This week, scientists are looking to the sea and its citizens again for a new human tech innovation.
We recently investigated the new invention of self-repairing fabric, which uses a polymer derived from squid sucker teeth to “heal” torn fabric without sewing. Now, a team out of the University of Connecticut has turned to squid and jellyfish skin for inspiration, developing a material that could obscure secret messages — and self-destruct after reading!
The researchers used man-made materials to mimic what happens when squid and jellyfish do to their skin to scare predators: Jellyfish wrinkle their skin to become opaque; and squid contract the muscles around their chromatophores (that is, the pigment sacs in the skin), revealing colours that may shock their predators into losing their appetite.
“Skin was replicated by placing a thin film of polyvinyl alcohol on a rubbery base of polydimethylsiloxane (PDMS). If it was wrinkled, for example, it would be opaque. When it was flattened out or if moisture was added, it would become transparent and expose a message.
Researchers added that the degree of crosslinking between polymer chains in the film could indicate whether the wrinkling was reversible.

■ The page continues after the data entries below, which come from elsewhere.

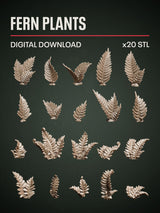 Digital Download - Fern Plants STL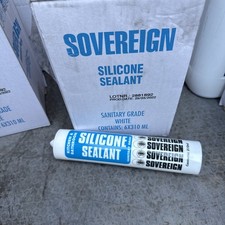 Sellador Silicona Multiusos Sovereign Blanco 310ml Cocina y Baño X 6 segunda mano  Embacar hacia Mexico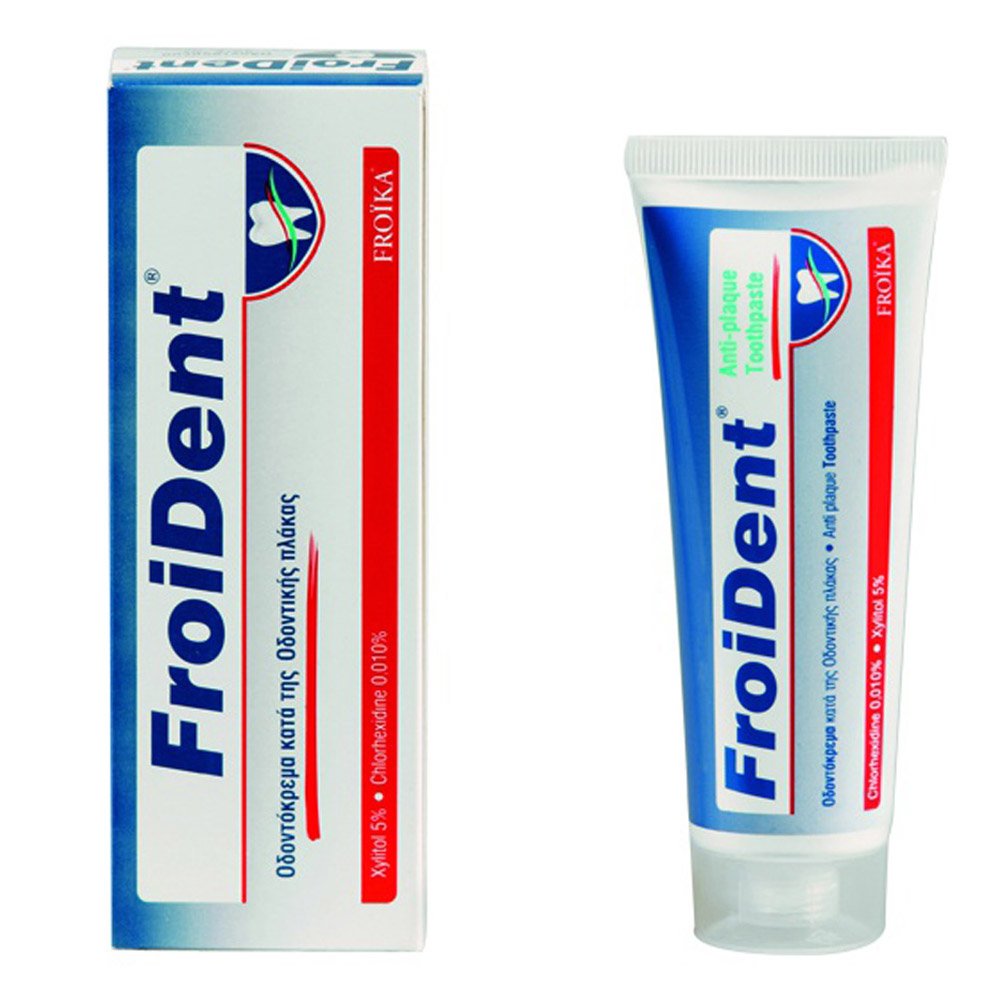 Froika Froident Toothpaste Αντιβακτηριακή Οδοντόκρεμα κατά της Οδοντικής Πλάκας, 75ml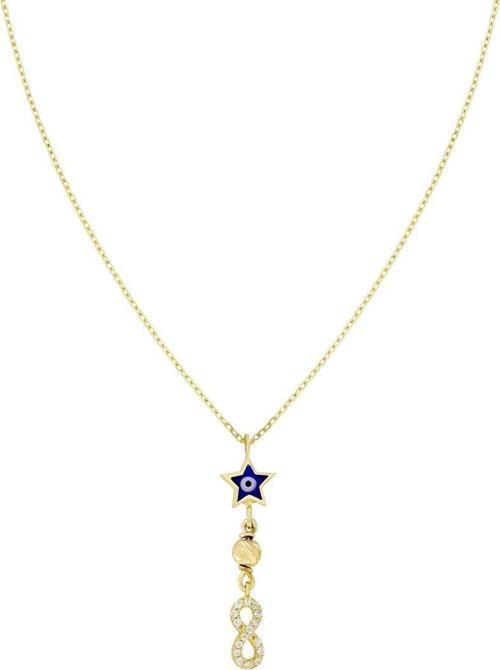 Altın Sonsuzluk Kolye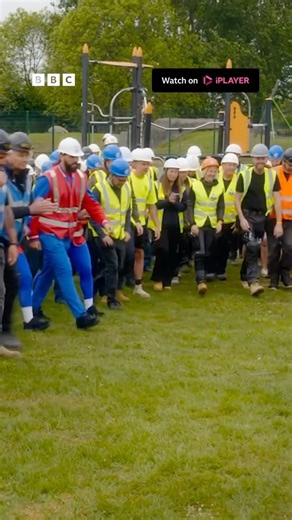 One of our biggest builds yet… So big, we had to call in the Gladiators 💥 📺 DIY SOS — Tuesday 30th December at 8pm on BBC One ▶️ Stream on BBC iPlayer | DIY SOS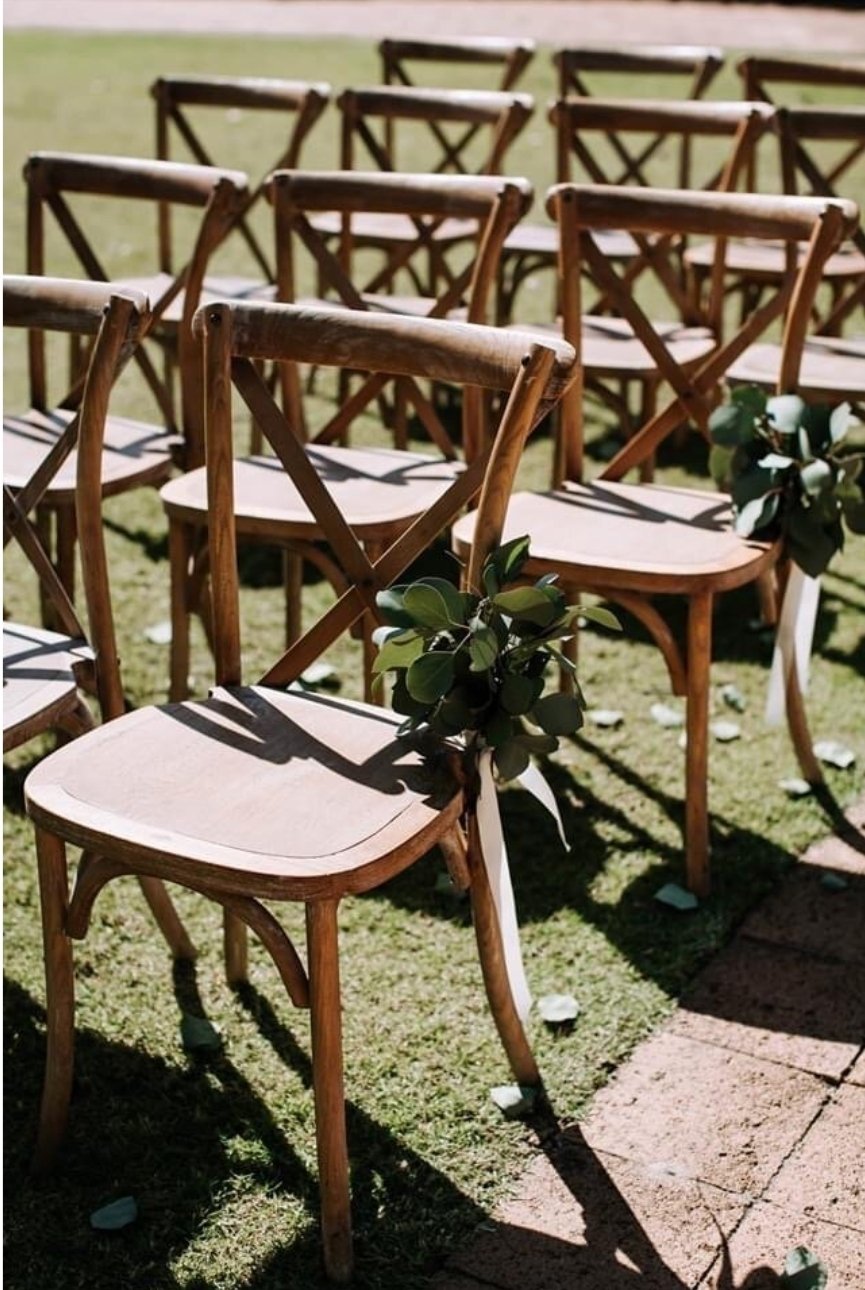 Rustic X Back Chairs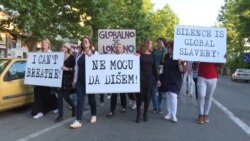 Montenegrins Hold 'I Can't Breathe' Protest March Against Racial Injustice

When there’s little or no crosslinking, it can only be smoothed out once, which can ‘self-destruct’ a message after reading.”
There could be other, non-spycraft-related applications for this innovation: if the crosslinking is to such a degree that the wrinkles can never be unwrinkled, a small patch of the material inside, say, a cellphone, could act as a “tell” to a vendor that a customer dropped the phone into a puddle — thus voiding the warranty.
It’s the result of our unfortunate bias as land animals that we have only begun to understand the wonderful functions of the humble squid, so I’m looking forward to “collaborations” between our species to come. I only hope we can offer something — being a human seems much less impressive now…!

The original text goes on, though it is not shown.